===== GIVEN INFORMATION =====

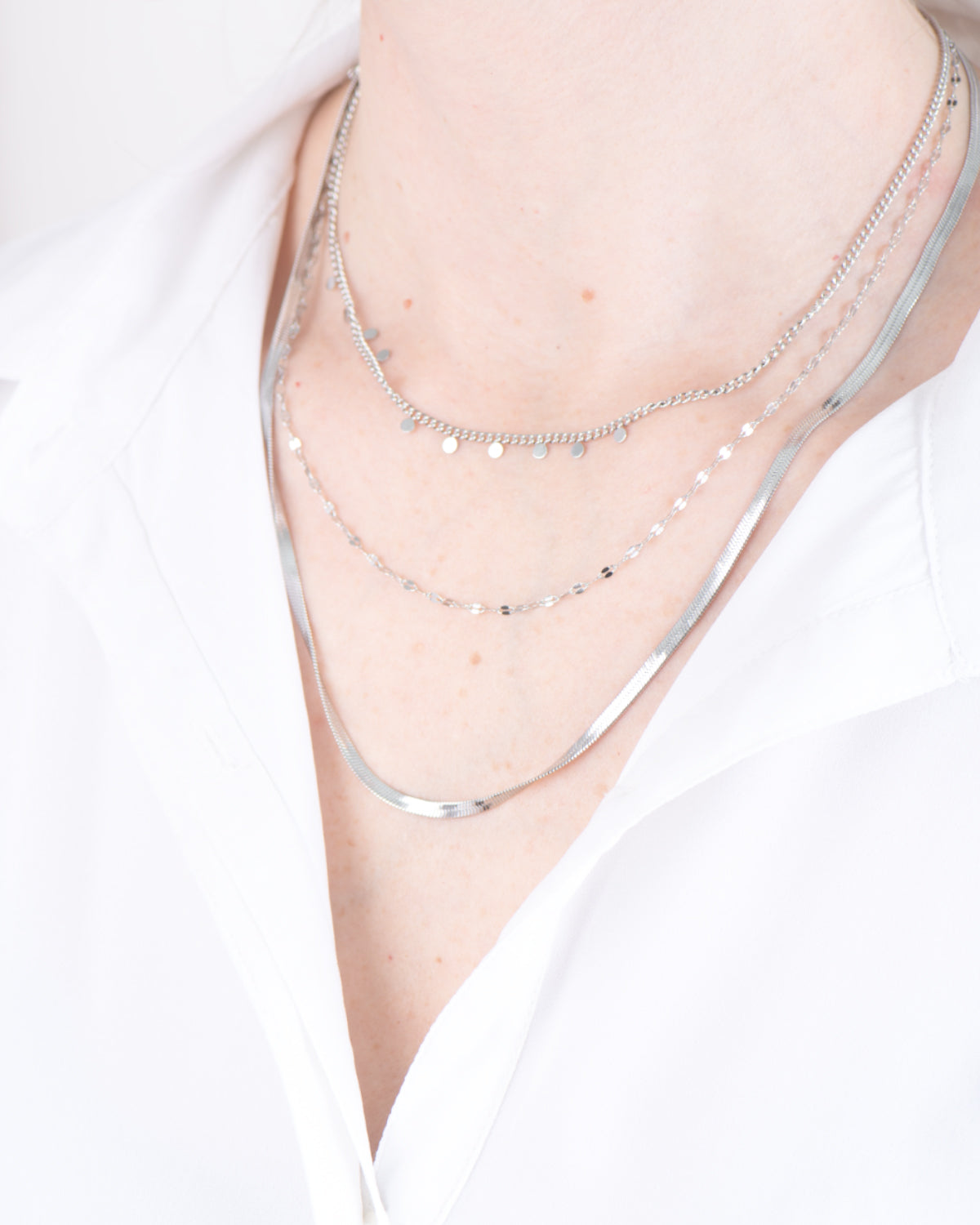 Collana Moira in acciaio inossidabile color argento. È composta da tre fili diversi: il primo, più corto, è una catenella con delle medagliette tone, il secondo è una canetenella liscia mentre il terzo, il più lungo, è un modello snake.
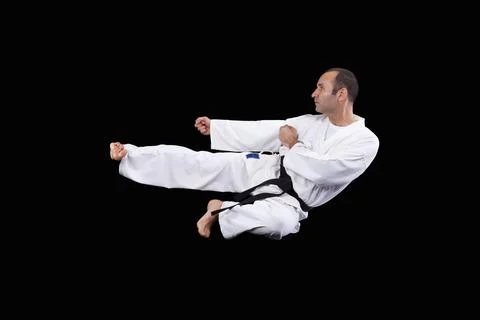 Karate man with back background Stock Photos
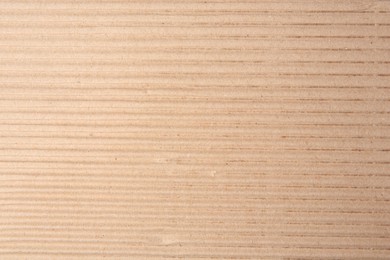 Photo of Texture of beige corrugated paper sheet as background, closeup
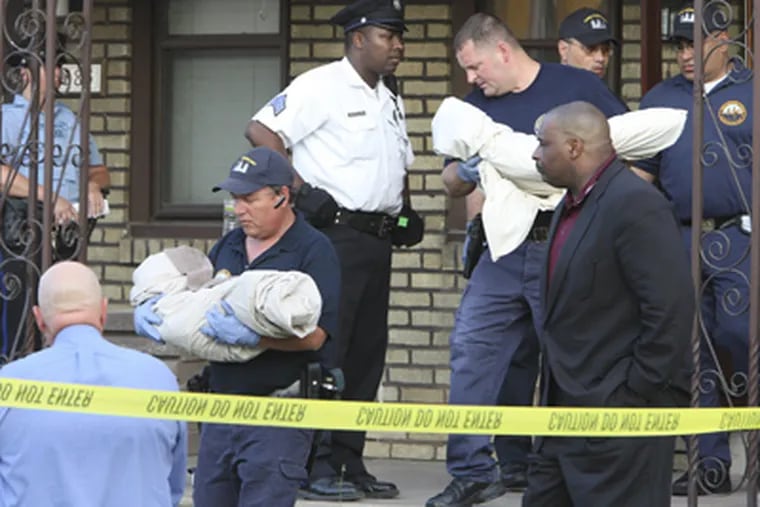 Police remove the bodies of twin toddlers on the 6300 block of Ditman Street in Northeast Philadelphia on Thursday. (Steven M. Falk / Staff Photographer)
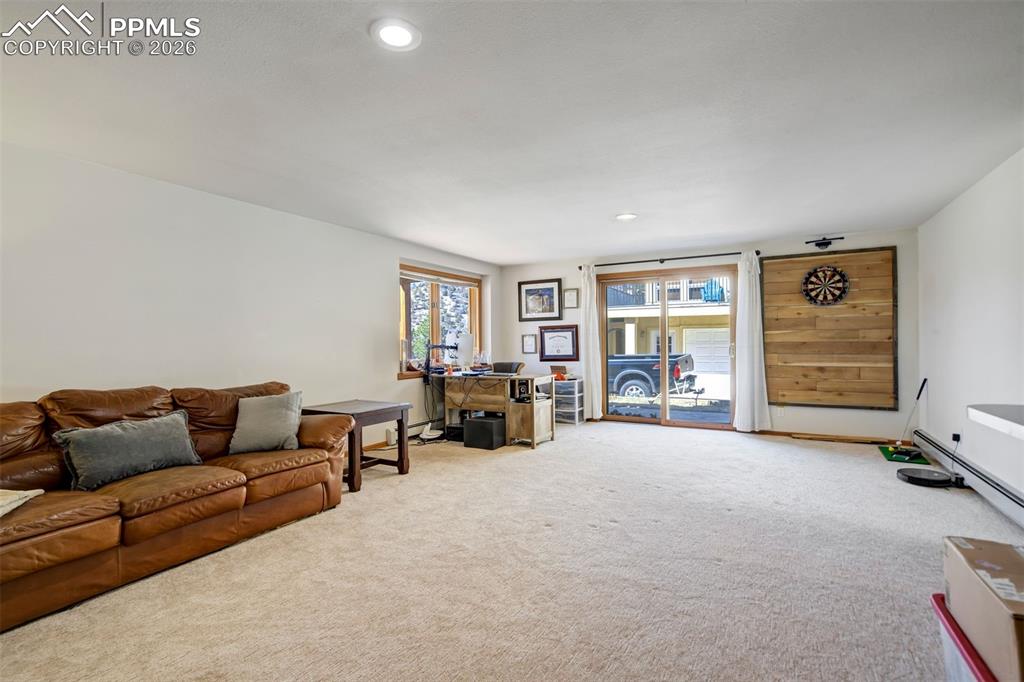 Image 39 of 49: Large family room in basement, walkout to back yard. Wet bar.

=====

REQUIREMENT
Look above for the line containing "Karate man with back background Stock Photos", then retype it and each line after it to the end of the records, exactly and without pictures.

WRITTEN REPLY
 Karate man with back background Stock Photos
 Photo of Texture of beige corrugated paper sheet as background, closeup
 Police remove the bodies of twin toddlers on the 6300 block of Ditman Street in Northeast Philadelphia on Thursday. (Steven M. Falk / Staff Photographer)
 Image 39 of 49: Large family room in basement, walkout to back yard. Wet bar.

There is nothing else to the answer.